A charming town north of Tokyo retaining its historic Edo period atmosphere
Kawagoe is most famous for its Little Edo district, or Koedo as it is known, a part of town lined with Edo-style buildings and museums. With its many sights, traditional shops, and popular seasonal events, the area truly comes alive on the weekend, making it a great day trip from the heart of Tokyo.
- Kawagoe's Warehouse District, old bell tower, and traditional candy shops
- Taisho-Roman Street's elegant and nostalgic buildings from the Meiji (1868-1912) and Taisho (1912-1926) eras
- Kawagoe's many intriguing temples and shrines
How to Get There
Kawagoe is located in northwestern Saitama , west of Tokyo, and is less than an hour from major Tokyo stations by express train.
You can access Kawagoe's main station, Hon-Kawagoe, by taking the Seibu Shinjuku Express from Seibu Shinjuku Station.

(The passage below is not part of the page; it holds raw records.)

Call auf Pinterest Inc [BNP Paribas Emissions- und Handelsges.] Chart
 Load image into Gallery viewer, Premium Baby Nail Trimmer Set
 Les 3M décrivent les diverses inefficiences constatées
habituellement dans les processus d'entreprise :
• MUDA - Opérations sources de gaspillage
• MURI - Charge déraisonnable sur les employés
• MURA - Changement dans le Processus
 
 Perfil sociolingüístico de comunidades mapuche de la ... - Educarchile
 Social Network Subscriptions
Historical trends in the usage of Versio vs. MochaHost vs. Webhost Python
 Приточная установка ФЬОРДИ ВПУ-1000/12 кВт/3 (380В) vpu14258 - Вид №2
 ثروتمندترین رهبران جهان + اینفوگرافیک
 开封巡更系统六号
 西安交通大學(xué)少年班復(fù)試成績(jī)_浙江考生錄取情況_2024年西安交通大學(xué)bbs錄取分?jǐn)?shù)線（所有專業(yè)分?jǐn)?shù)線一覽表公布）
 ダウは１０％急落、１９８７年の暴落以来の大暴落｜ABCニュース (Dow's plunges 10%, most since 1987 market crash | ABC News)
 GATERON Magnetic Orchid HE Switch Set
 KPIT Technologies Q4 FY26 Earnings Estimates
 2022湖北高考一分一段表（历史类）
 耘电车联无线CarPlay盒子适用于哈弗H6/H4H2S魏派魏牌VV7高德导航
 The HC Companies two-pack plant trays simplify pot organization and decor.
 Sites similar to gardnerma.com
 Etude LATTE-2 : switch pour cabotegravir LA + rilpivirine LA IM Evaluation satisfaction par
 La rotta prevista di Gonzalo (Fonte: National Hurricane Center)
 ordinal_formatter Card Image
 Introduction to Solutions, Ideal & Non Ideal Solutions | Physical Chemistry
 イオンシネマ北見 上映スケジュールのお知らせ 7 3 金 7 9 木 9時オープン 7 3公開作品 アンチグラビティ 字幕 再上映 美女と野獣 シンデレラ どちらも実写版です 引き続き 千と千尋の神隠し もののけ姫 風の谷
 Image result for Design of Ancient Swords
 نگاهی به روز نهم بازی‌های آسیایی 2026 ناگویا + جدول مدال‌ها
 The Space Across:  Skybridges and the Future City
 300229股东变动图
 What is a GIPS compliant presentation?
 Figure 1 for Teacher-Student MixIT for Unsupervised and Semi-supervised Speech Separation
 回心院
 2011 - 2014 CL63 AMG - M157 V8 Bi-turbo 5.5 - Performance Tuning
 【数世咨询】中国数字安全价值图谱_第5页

Seibu Shinjuku Station is a ten-minute walk south of JR Shinjuku Station. It takes under an hour to get to Hon-Kawagoe from Shinjuku.
Walk down the streets of merchants
The main attraction of Kawagoe is called Koedo, which means Little Edo in Japanese. It earned the name for its streets and buildings from the Edo period (1603-1867) of Japan's history. The Warehouse District, Kurazukuri, is lined with old wooden warehouses, with their distinct two-story architecture, from the city's time as a major transportation and commerce hub.
Dominating the Warehouse District is Toki no Kane, the bell of time. This bell tower has marked the time for centuries and continues to ring four times daily.
Wander the delightful candy alley
The Koedo area offers many other things to see and do, including Candy Street, a street lined with stores where traditional Japanese candies are made the old-fashioned way.
The many faces of Buddha
There are several beautiful temples and shrines in Kawagoe worth visiting, most notably Kitain Temple . Built 1,200 years ago, it was once part of a massive temple complex and is believed to have special healing powers. The most striking aspect of the temple is its 540 stone statues of Buddha, each by a different artist, with its own face and its own unique posture. No two statues appear to be exactly the same, and according to popular belief, for each visitor to the temple, there is one statue that resembles him or herself.
Mythical and playful sacred sites
Hikawa-jinja Shrine is a Shinto shrine dating back to the 6th century that has a torii gate 15 meters tall.
Renkoji temple was built near the end of the 16th century and houses the ashes of Indian freedom fighter Netaji Subhas Chandra Bose, whose plane allegedly crashed in Taiwan on the way to Tokyo.
Kawagoe Kumanojinja shrine is a fun and playful shrine that has games and activities for both children and adults scattered about its grounds. All of these are walking distance from Hon-Kawagoe Station.
Nostalgic Taisho-Roman Street
Kawagoe offers a look at the more recent history of Japan as well. Taisho-Roman Street has paved streets and old retro buildings from the late Meiji and Taisho eras. Luckily there are also no overhead power lines, which makes it great for photographs and film shoots. This street has been used for shooting many of the Japanese period films set in these eras.
The remains of an allied castle
Kawagoe Castle's Honmaru Goten is the last surviving building of Kawagoe Castle. It was the castle's innermost palace and served as the lord's residence and personal offices. It played an important role in the early Edo period as a satellite fortress for the ruling Tokugawa Shogunate. Enter the building to get a sense of what the life of a feudal lord was like back then.
Spring blossoms, summer lights, and autumn festival floats
Spring in Kawagoe means the Koedo Kawagoe Spring festival, with boat tours for seeing the cherry blossoms. In summer, a myriad of lanterns light up the streets during the Kawagoe Million Lights Summer Festival, and a fireworks display in mid-July is held in one of the town's parks.
If you would like to experience the town's major festival, the Kawagoe Festival , visit during the third weekend in October. At this exciting event, decorative floats from all over town converge in the town center, and bands compete to outperform each other in the evenings.